A one-day conference to explore how the Protestant community in Ireland experienced 1916 and the years that followed.

Date: Sat 21 Nov 2015

Time: 9.30am-4pm

Venue: Renehan Hall (south campus), Maynooth University, Maynooth

Although Irish Protestantism has many historic links with various aspects of Irish Nationalism, by 1916 the nationalist movement had become overwhelmingly, although not exclusively, a Catholic phenomenon.

In the years that followed, Catholicism and the Irish identity became ever more inextricably intertwined. Alternative or other experiences of Irishness and identity have often been overlooked, often inadvertently.

Silenced Stories will explore the experience of the Irish Protestant minorities of 1916 and the years that followed – including elements rarely mentioned in popular narratives about the Rising and its aftermath, including the urban and rural poor and minority denominations within Protestantism.

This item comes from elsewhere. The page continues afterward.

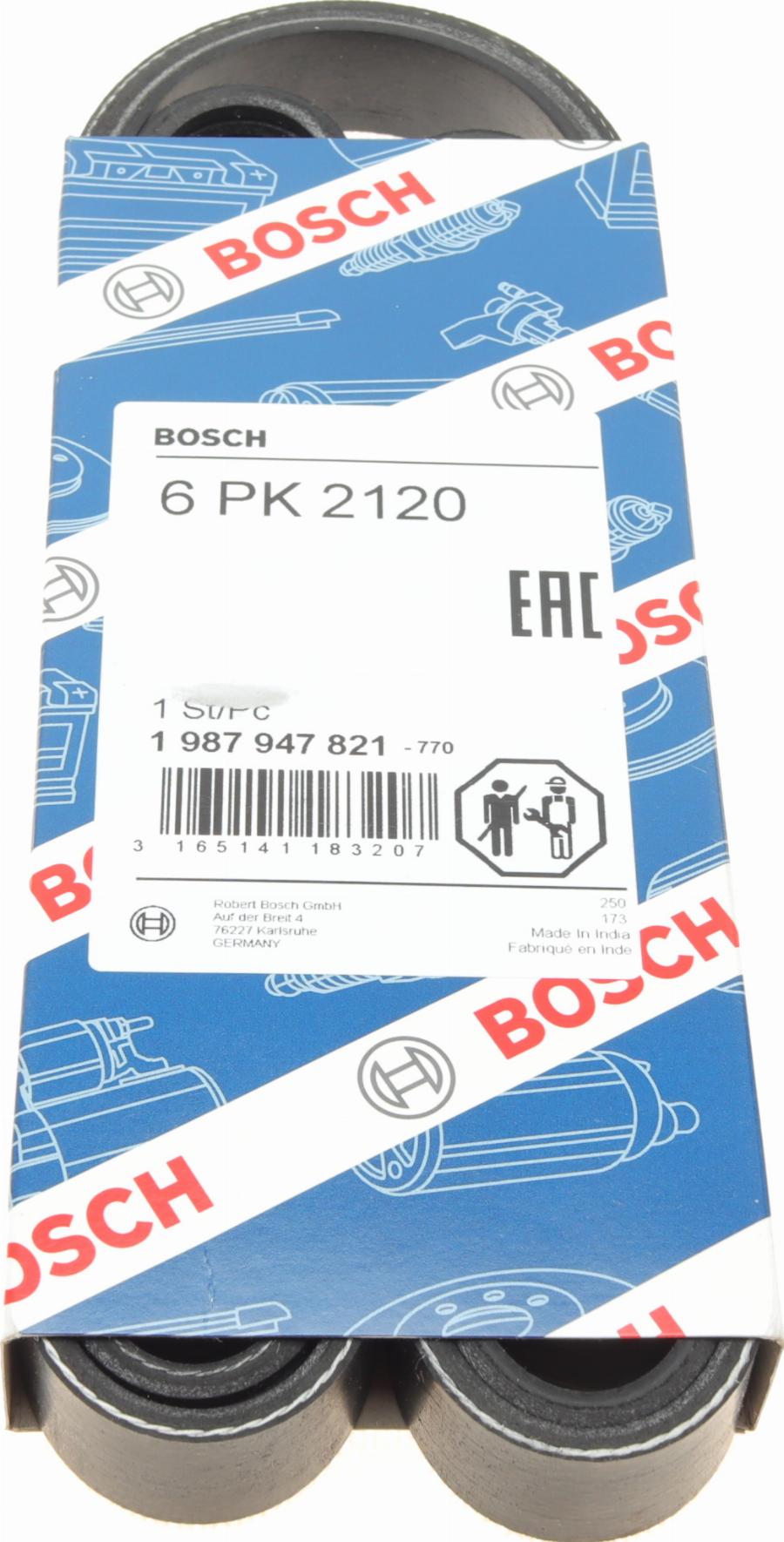 BOSCH 1 987 947 821 - Поліклиновий ремінь avtolavka.club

Silenced Stories invites participants to contemplate the past with a view to building a better, stronger future and to think about the experience of minorities of all kinds in a world that often doesn’t seem to see them.


Thinking Makes It So; The Impact Of 1916 For The Protestant Psyche In Ireland

By: Prof Roddy Cowie

A look at the impact of 1916 for the Protestant psyche in Ireland.
A sense of identity:A knowledge of who one is, where one has come from, and how one is placed in the world.

Individuals need a sense of identity. Communities have similar needs!

Shaped not just by the present, but also by the past.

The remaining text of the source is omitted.